Итак, разговор о Замке и графе (Божественном провидении и наместнике Бога на земле, по мнению Макса Брода) способен порушить «невинность» младого поколения? Пожалуй что теологические построения Макса Брода из главы первой романа никак не вытекают. Однако, кто же все-таки этот граф Вествест? Не реальный ли это прототип? В окружении Франца Кафки, естественно, никакого графа не было. Но Милена Поллак вполне могла рассказать или написать ему о квартировавшем на квартире Поллаков в Вене «красном графе» графе Франце Шавготше, вернувшемся из революционной России после миссии освобождения из плена австрийских военнопленных-инвалидов. После смерти Кафки уже, в 1925 году, Милена Поллак сбегает с графом-коммунистом от мужа в Прагу, словно в доказательство написанной еще ранее Кафкой фразы: «Примите во внимание присутствие невинных детишек». Быть может, Франц Кафка догадывался об «измене» возлюбленной с очередным Францем и не смог избавиться от искушения обиняком сообщить об этом Милене (рукопись романа «Замок» была им передана ей вместе с дневниками).
Неужели «адюльтерный» мотив имеет действительно какое-нибудь отношение к Замку? Или это всего лишь реплика в сторону проговорившегося автора?
«Вам не понравился Замок?» быстро вопросил учитель и через три строки пояснил: «Чужакам он не нравится».
Если уж мы затронули историю отношений Кафки с Миленой Есенской-Поллак, то высказывание учителя вполне могут иллюстрировать длительную и упорную осаду Миленой Кафки, когда она старалась вытащить его из пражской «скорлупы» в Вену. Как-никак Вена была столицей Австро-Венгерской империей до 1918 года и вполне могла ассоциироваться с Замком в романе, а Прага в таком случае всего лишь «деревня», пусть «между крестьянами и Замком нет слишком большой разницы».
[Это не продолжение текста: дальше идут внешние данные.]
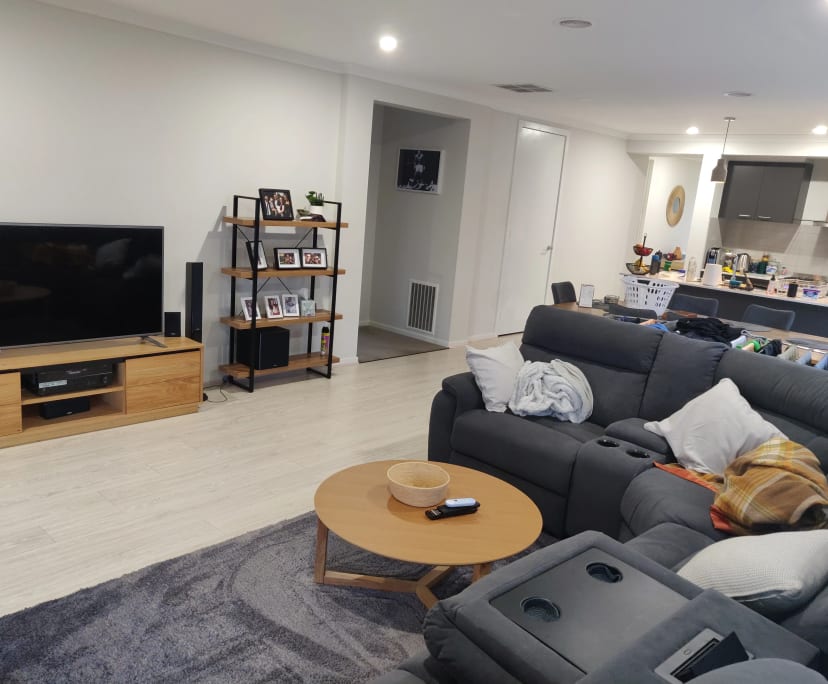 Unfurnished room with own bathroom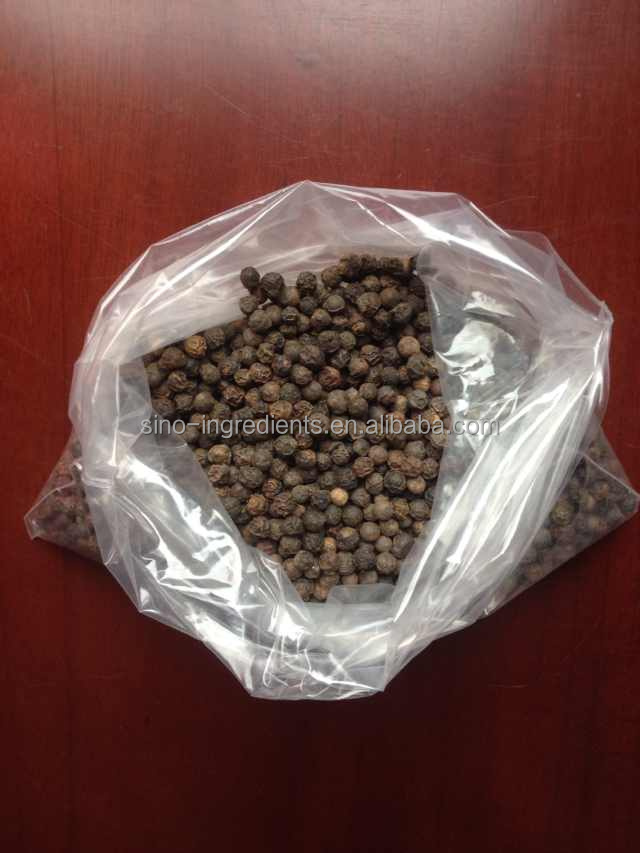 Black and White Pepper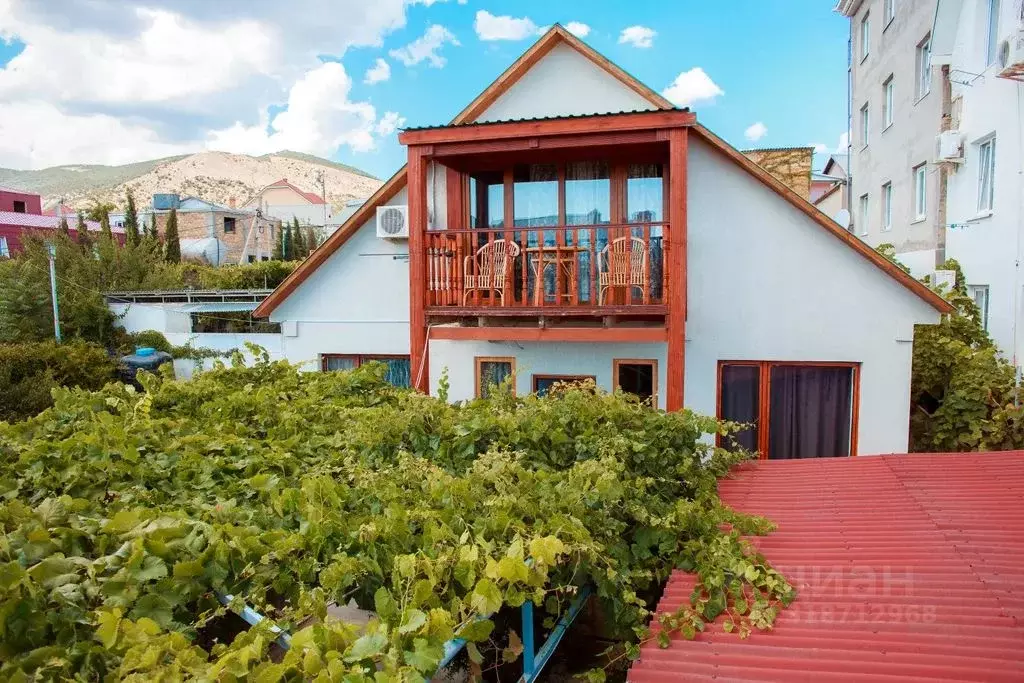 Дом в Крым, Судак ул. Юго-Западная, 31А (100 м) - Фото 0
У писателя обычно всякое лыко в строку, так что не приходится удивляться никаким возможностям ассоциаций, вот хотя бы старательное описание башни Замка и воспоминание о башне в его родном городке. Право слово, Франц Кафка не мог не вспомнить стобашенной Праги (на самом деле башен было 657) и дом, в котором он родился, даже носил название «У башни».
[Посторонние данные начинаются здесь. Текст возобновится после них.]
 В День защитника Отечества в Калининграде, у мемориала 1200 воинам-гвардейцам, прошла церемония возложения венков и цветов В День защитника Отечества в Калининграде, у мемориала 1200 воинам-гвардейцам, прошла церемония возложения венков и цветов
Если очень уж поднатужиться в стиле теории Макса Брода то весь этот башенно-колокольно-храмовый отрывок вполне можно посвятить памяти Иерусалимского Храма, с которой еврейский народ рассеялся по белу свету. Однако некоторые места главы первой вполне могли быть навеяны автору его двойственным отношением к родной Праге, из которой он всю жизнь стремился уехать, но, как написано в одном из его писем: «Прага не отпустила. У этой матушки острые когти».
глава вторая
ВАРНАВА
События в ней разворачиваются таким образом, что казалось бы, волшебным образом исполняются все ожидания главного героя. Все, кроме одного: ему заявлено, что никогда он не получит разрешения явиться в Замок. Правда, в первой главе К. пытался уже отправиться в Замок, но не сумел опять-таки волшебным образом даже приблизиться к нему. Герой отнес это на счет уловок улиц и снежных заносов, но теперь ему уже недвусмысленно заявлено по телефону: «Никогда!» ««Хорошо», сказал К. и повесил трубку».
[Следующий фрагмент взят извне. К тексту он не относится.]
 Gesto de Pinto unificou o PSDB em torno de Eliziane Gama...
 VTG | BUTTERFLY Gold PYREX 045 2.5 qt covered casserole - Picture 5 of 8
В этом «хорошо» казалось бы покорность, но при всем том звучит оно так же как: «Хорошо же», как несмиренное полуобещание-полуугроза. И дальнейшие события подтверждают это К. ожидал борьбы, К. к ней готов.
Что «судьба играет человеком» к этому мы привыкли и словно бы даже пропускаем мимо своего сознания, фактически воспринимая эту игру вполне серьезно на бытовом уровне. Вот и К. включается (вынужден включиться) в игру, тем более что начинается она на условиях, им же предложенных с помощников. Он пообещал прибытие помощников, и вот они здесь. Правда, они неизвестные ему люди, а других он и ожидать бы не мог. Ему не за что глазом зацепиться на них, они ускользают от его разумения «как змеи». Эти помощники эманация Замка, таким способом Замок приближает его к себе, одновременно выдавая ему идею посредничества, а для того, чтобы никаких сомнений у К. не оставалось, ему дарован и курьер простой деревенский парнишка.